One useful OS X feature is the ability to create disk images. A disk image is a single file that, when double-clicked, appears like a typical hard drive to the operating system. (Most software you download comes on a disk image.) Disk images a great way to store related files that you don’t need to use often, as they can be “out of sight” until you need them. They’re also useful if you want to store something securely, as you can create encrypted disk images that require a password to mount.
There are essentially two types of disk images—a normal disk image and a sparse disk image. With a normal disk image, the disk image will consume as much drive space as its size, even when empty—i.e. a 40MB normal disk image requires 40MB of drive space, even if you’ve never used it. Sparse disk images, on the other hand, are disk image files that require just as much space as their contents require. So a 40MB sparse disk image will only need 40MB of drive space if you’ve saved 40MB of data onto it. The disk image will grow automatically as space is required.

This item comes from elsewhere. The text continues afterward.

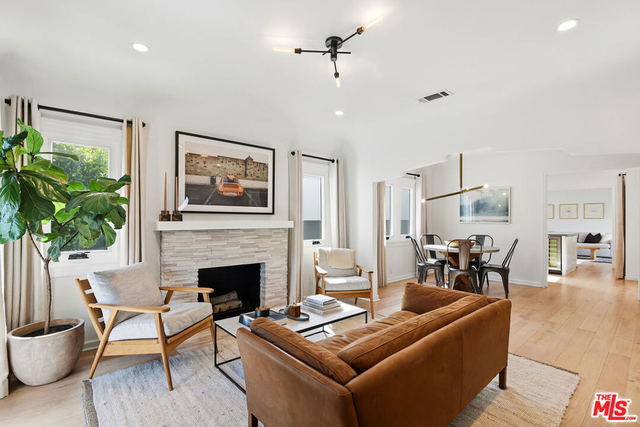 627 N Fuller Avenue - Photo 1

However, while sparse disk images can grow automatically as needed, they cannot shrink automatically. So if you add 40MB of data to the image, then delete that same data, the sparse disk image will still require 40MB of drive space. Using Terminal, you can shrink sparse disk images to free up this wasted space. Just
to the directory containing the sparse image (make sure it’s not mounted), and then issue this command:
hdiutil compact "Name of file.sparseimage"
But using Terminal is a bit of a pain. A much nicer solution is to use Automator to build a Finder plug-in, so you can compact your sparse images via the Finder’s contextual menu. And it’s a very simple Automator workflow that needs to be built, consisting of only two steps.
Start by launching Automator, which you’ll find in /Applications -> Utilities. In the Library column, click on Finder, and then drag Get Selected Finder Items from the Action column into the blank work area on the right. For the second step, click on the Automator entry in Library, and then drag Run Shell Script into the work area, below the existing command. In the work area for the Run Shell Script action, set the Shell pop-up to /bin/bash (it should be that by default), and set Pass Input to “as arguments” (which is not the default). Where you see the existing script (
for f in…, etc.
), erase all of it, and replace it with this one line:
hdiutil compact "$@"
That’s it—that’s the entire workflow. Choose File -> Save as Plug-In, and in the new dialog that appears, name your workflow ( Compact sparse image , or whatever you want to see in the contextual menu), and make sure the Plug-in For pop-up is set to Finder (the default). Click Save and you’re done.
To use your workflow, select a sparseimage file in the Finder (make sure the disk image is not mounted), control-click on it, and then choose Automator -> Compact Sparse Image (or whatever you named your workflow) from the pop-up menu. The workflow will run (you’ll see its progress in the menu bar), and any free space on your sparse disk image will be released.